**WORK TO BE COMPLETED**
Omit the pictures and reproduce the rest of the listing exactly.

**INPUT DATA**
== Segment start ==
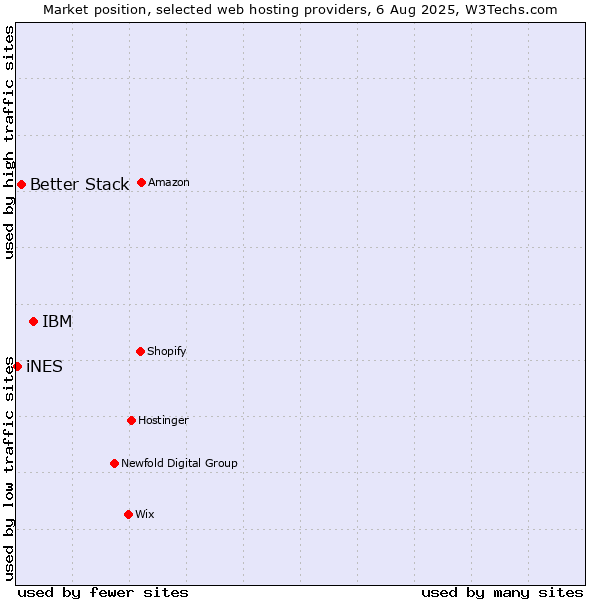 Market position of IBM vs. Better Stack vs. iNES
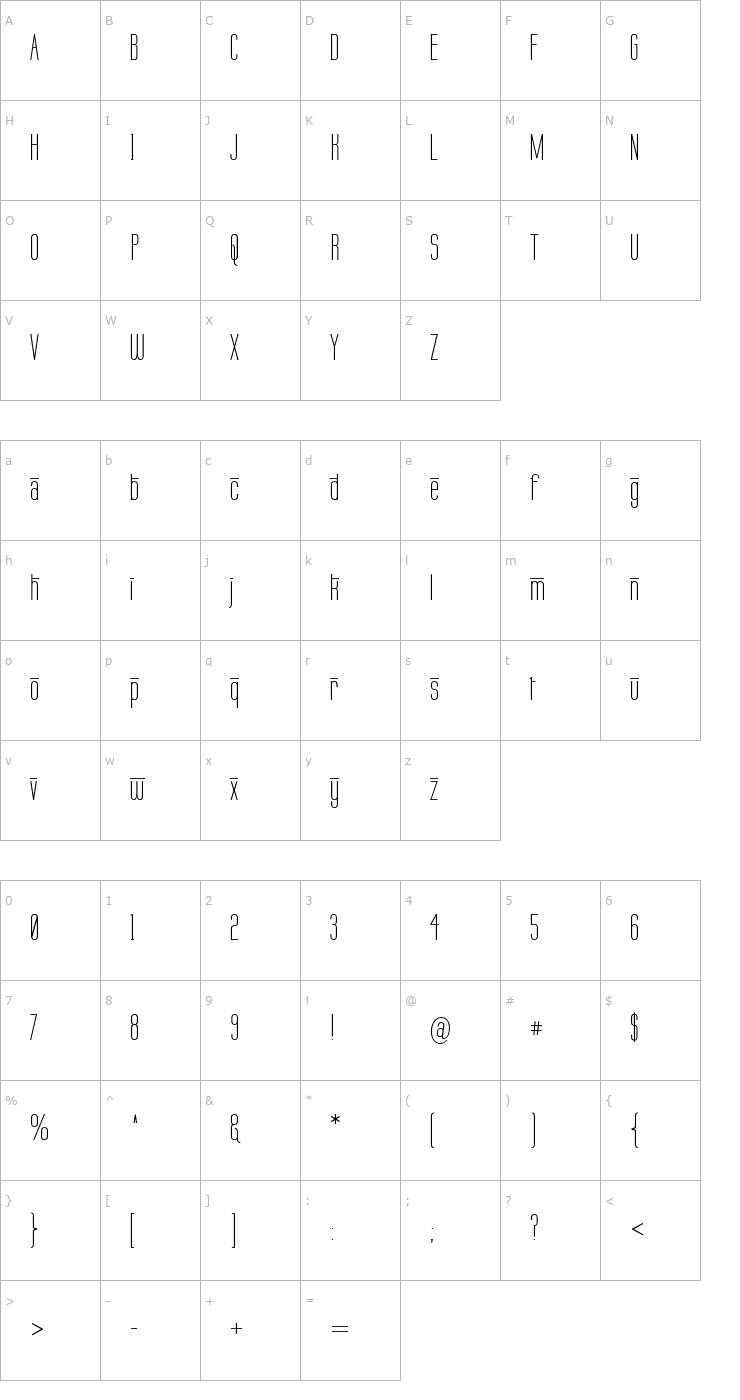 Character Map Labtop Overscore Font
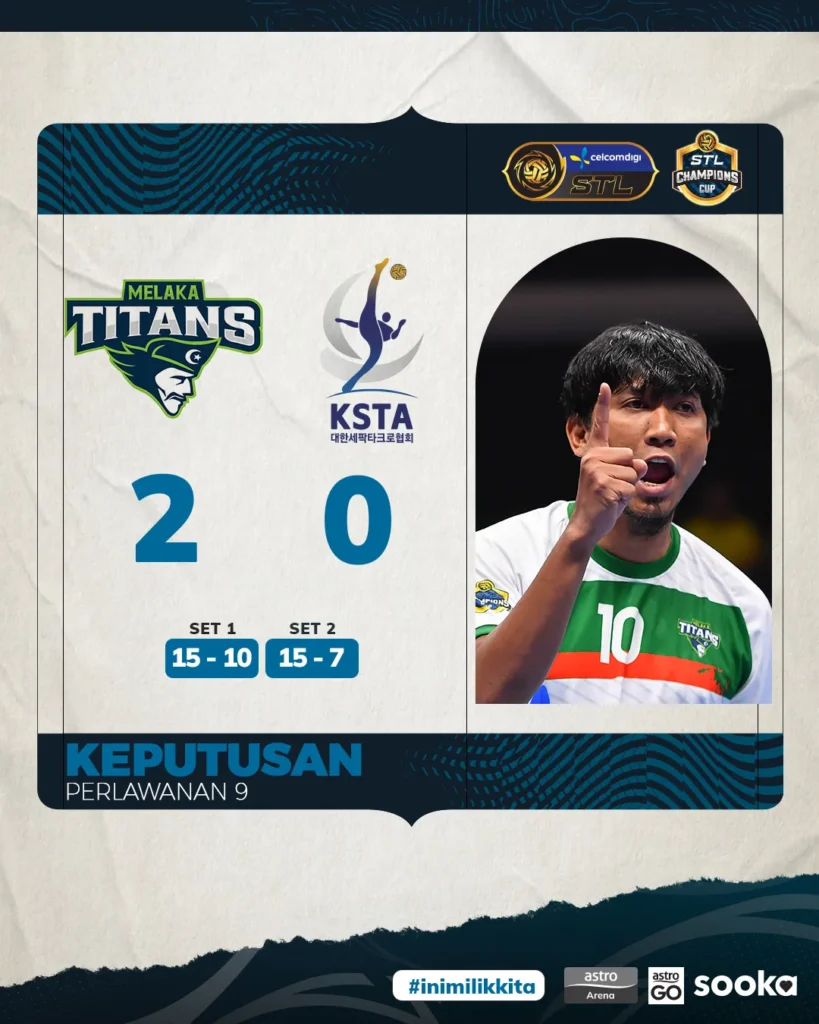 Melaka Titans mengalahkan KSTA Korea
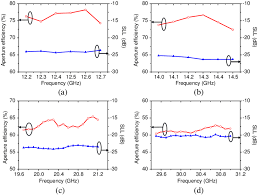 Frequency Dependence Of The 7 Layer Optimized Lla A Ku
== Segment end ==
**RESULT FOR THIS TASK**
 Market position of IBM vs. Better Stack vs. iNES
 Character Map Labtop Overscore Font
 Melaka Titans mengalahkan KSTA Korea
 Frequency Dependence Of The 7 Layer Optimized Lla A Ku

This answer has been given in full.